=== Begin Enclosure ===

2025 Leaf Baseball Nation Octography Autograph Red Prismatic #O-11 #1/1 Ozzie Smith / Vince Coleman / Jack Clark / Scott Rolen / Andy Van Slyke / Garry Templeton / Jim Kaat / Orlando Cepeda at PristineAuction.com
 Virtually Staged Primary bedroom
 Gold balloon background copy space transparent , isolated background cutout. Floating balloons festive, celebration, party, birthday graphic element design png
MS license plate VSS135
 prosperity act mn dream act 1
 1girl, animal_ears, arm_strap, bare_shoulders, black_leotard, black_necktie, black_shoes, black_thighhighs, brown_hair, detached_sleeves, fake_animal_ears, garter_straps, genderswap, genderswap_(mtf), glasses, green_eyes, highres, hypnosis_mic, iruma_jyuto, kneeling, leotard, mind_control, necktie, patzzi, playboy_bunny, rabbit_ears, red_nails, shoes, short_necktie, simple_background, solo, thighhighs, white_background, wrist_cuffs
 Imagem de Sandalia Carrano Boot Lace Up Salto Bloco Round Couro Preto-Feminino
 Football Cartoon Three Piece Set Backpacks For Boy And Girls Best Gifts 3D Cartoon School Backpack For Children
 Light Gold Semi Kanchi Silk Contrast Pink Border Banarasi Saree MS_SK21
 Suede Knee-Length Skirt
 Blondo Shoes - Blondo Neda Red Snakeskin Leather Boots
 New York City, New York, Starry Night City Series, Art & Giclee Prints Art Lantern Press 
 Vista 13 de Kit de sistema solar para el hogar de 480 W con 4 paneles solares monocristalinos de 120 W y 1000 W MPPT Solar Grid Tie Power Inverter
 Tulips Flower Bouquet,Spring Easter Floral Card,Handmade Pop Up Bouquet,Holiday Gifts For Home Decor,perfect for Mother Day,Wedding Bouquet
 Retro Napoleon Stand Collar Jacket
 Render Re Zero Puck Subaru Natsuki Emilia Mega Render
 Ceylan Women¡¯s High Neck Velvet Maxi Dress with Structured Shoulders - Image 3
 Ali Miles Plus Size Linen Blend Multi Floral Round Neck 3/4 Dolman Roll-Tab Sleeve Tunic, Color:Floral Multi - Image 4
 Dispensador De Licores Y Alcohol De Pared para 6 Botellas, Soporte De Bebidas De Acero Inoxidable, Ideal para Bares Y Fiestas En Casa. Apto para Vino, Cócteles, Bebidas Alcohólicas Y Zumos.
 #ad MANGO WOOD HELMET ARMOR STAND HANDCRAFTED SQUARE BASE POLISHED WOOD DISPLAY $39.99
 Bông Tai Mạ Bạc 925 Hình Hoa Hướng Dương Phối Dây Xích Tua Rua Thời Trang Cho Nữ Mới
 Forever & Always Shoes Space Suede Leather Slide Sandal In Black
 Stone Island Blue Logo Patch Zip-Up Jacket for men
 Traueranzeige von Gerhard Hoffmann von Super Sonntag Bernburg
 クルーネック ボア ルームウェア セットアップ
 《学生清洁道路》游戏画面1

=== End Enclosure ===

REQUIRED ACTION:
In the records above, locate the line that contains "Retro Napoleon Stand Collar Jacket". Repeat it and every line after it, exactly, and nothing else.

EXERCISE RESULT:
 Retro Napoleon Stand Collar Jacket
 Render Re Zero Puck Subaru Natsuki Emilia Mega Render
 Ceylan Women¡¯s High Neck Velvet Maxi Dress with Structured Shoulders - Image 3
 Ali Miles Plus Size Linen Blend Multi Floral Round Neck 3/4 Dolman Roll-Tab Sleeve Tunic, Color:Floral Multi - Image 4
 Dispensador De Licores Y Alcohol De Pared para 6 Botellas, Soporte De Bebidas De Acero Inoxidable, Ideal para Bares Y Fiestas En Casa. Apto para Vino, Cócteles, Bebidas Alcohólicas Y Zumos.
 #ad MANGO WOOD HELMET ARMOR STAND HANDCRAFTED SQUARE BASE POLISHED WOOD DISPLAY $39.99
 Bông Tai Mạ Bạc 925 Hình Hoa Hướng Dương Phối Dây Xích Tua Rua Thời Trang Cho Nữ Mới
 Forever & Always Shoes Space Suede Leather Slide Sandal In Black
 Stone Island Blue Logo Patch Zip-Up Jacket for men
 Traueranzeige von Gerhard Hoffmann von Super Sonntag Bernburg
 クルーネック ボア ルームウェア セットアップ
 《学生清洁道路》游戏画面1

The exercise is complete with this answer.